For two reasons: One, it is to honor Subdeacon Thomas, who for many years and even now is a strong evangelical presence within the life of St. John.
A second reason is our desire to have St. Thomas to be the patron of the school. St. Thomas, also commonly known as “Doubting Thomas,” is perhaps best known for telling his fellow Apostles regarding the risen Christ, “Unless I see in His hands the print of the nails, and put my finger into the print of the nails, and put my hand into His side, I will not believe” (John 20:25).

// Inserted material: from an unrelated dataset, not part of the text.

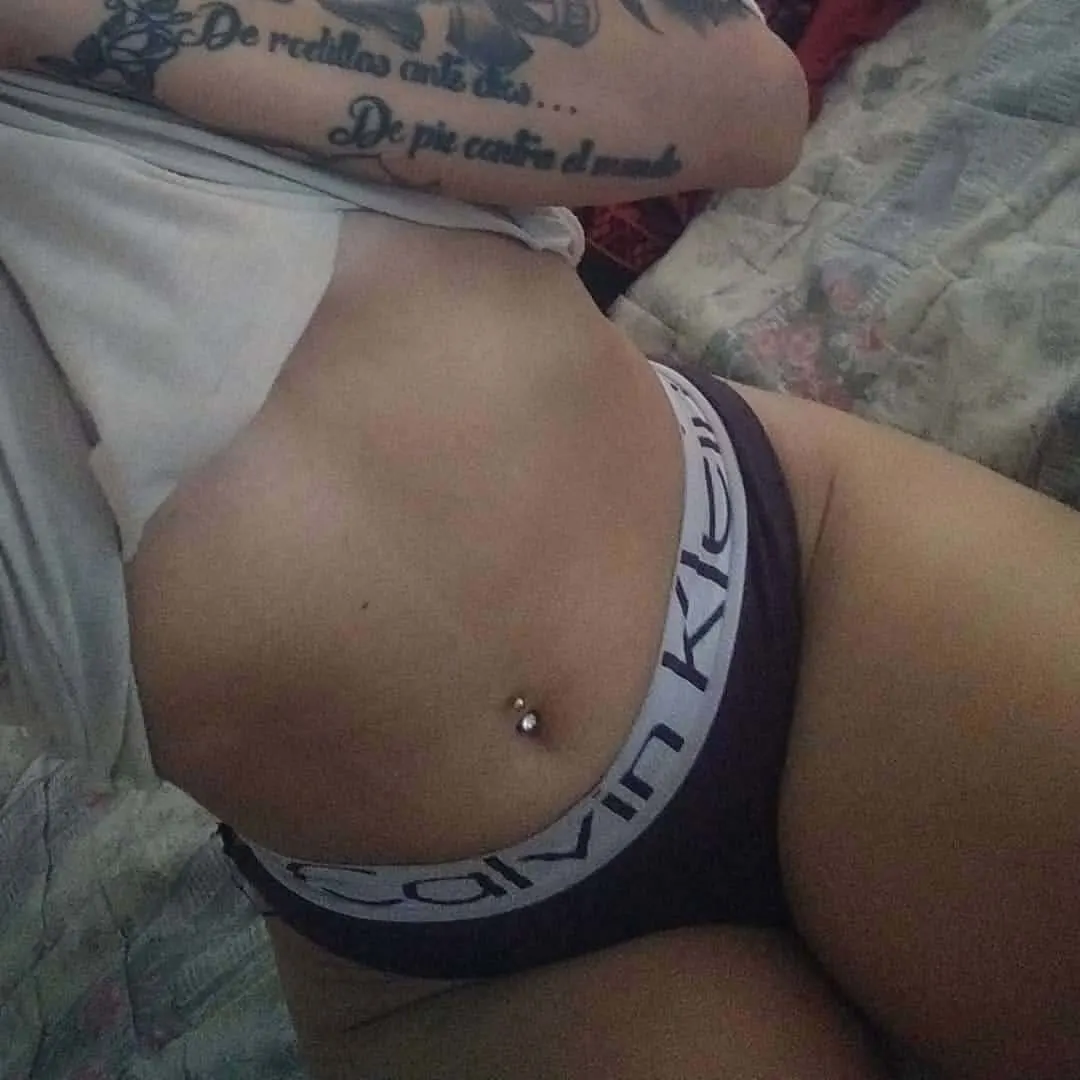 Mi perra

What is less known about Thomas, however, is that after seeing the resurrected Christ, St. John Chrysostom tells us that he “toiled through the grace of God more bravely, more zealously and tirelessly than them all, so that he went preaching over nearly all the earth, not fearing to proclaim the Word of God to savage nations.”1
After founding Christian churches in Palestine, Mesopotamia, Parthia, Ethiopia and India, preaching the Gospel earned him a martyr’s death after having converted the wife and son of the prefect of the Indian city of Meliapur [Melipur]. 2
Christ did not rebuke the doubt of Thomas. Jesus encouraged him, saying, “Reach your finger here, and look at My hands; and reach your hand here, and put it into My side. Do not be unbelieving, but believing.” However, Jesus made it clear, as we recently heard from Fr. Aidan, that mature believers no longer live in doubt. Jesus went on to say to Thomas, “Because you have seen Me, you have believed. Blessed are those who have not seen and yet have believed.” So, come to the St. Thomas school. Bring your doubts, not to embrace doubting, as is now fashionable, but to learn the answers of the Church. Let us not be unbelieving, but believing.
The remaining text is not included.